Driving Under the Influence

Driving under the influence of cannabis is illegal and will be treated as a DUI similar to alcohol. Qualified patients are also prohibited from driving under the influence of cannabis. Violators can face criminal punishment under Connecticut's drugged driving laws.

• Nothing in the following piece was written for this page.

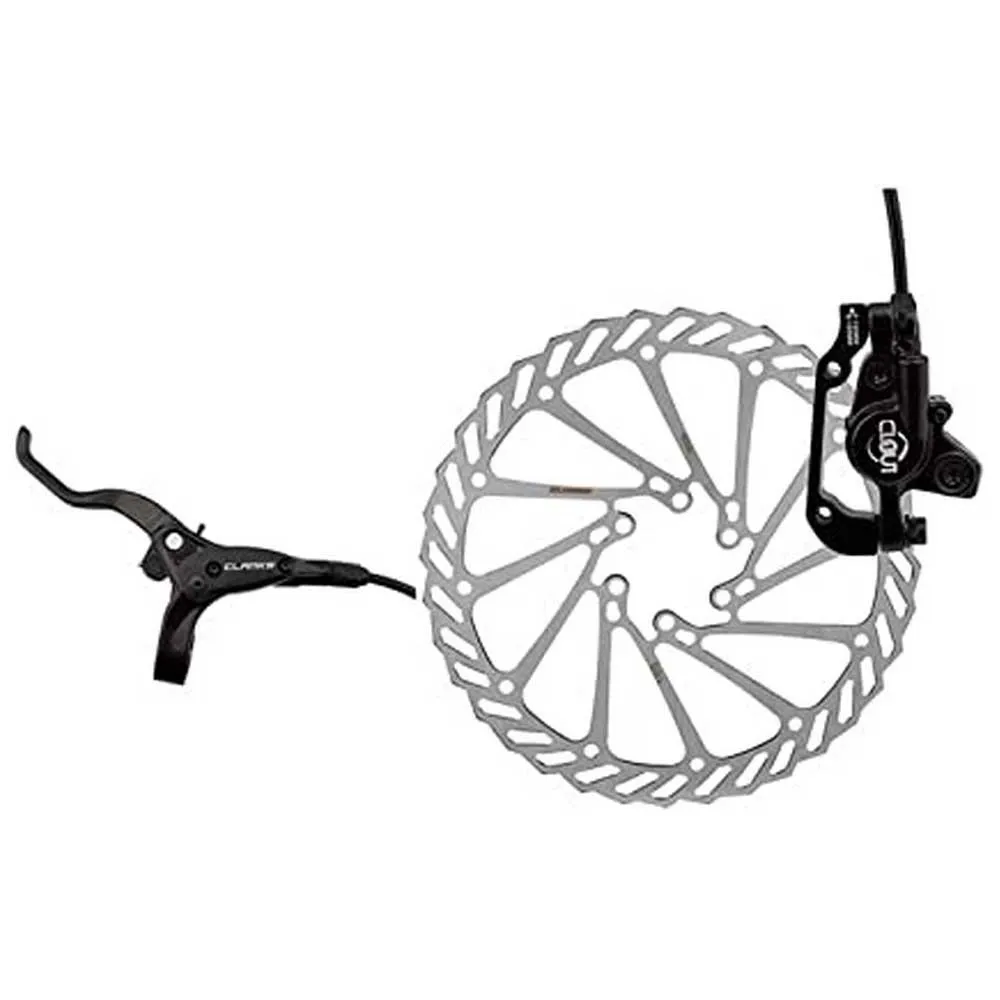 Clarks Clout 1 Post Mount Hydraulic Bromsklossar, Silver, 160mm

Under Connecticut law, qualified patients can designate a caregiver with their physician’s approval. To qualify as a caregiver, a person must:

CT Caregiver Requirements:

  • Be 18 years old or older
  • Agree to undertake the responsibility of managing a patient
  • Have no prior controlled substance convictions
  • Not be the qualifying patient’s physician

In the event a qualifying patient lacks legal capacity or is a minor, you must be the patient’s parent, guardian or have other legal custody of the patient. Patients are allowed to have one caregiver at a time and can change their caregiver through the DCP once a year, if needed.

Transporting Marijuana

Patients and designated caregivers can carry their medical marijuana purchased from state-approved dispensaries as long as it does not exceed the monthly allowable limits.


Connecticut does not acknowledge medical marijuana cards from any other state at this time.


Medical patients can grow cannabis for personal use as of October 1, 2021. Patients are limited to 3 mature plants and 3 immature plants, with a maximum of 12 per household.

Personal cultivation for recreational use will be legal July 1, 2023 with the same limits.


SB1201 lists delivery under the jurisdiction of the The Department of Consumer Protection, but no further details have yet emerged.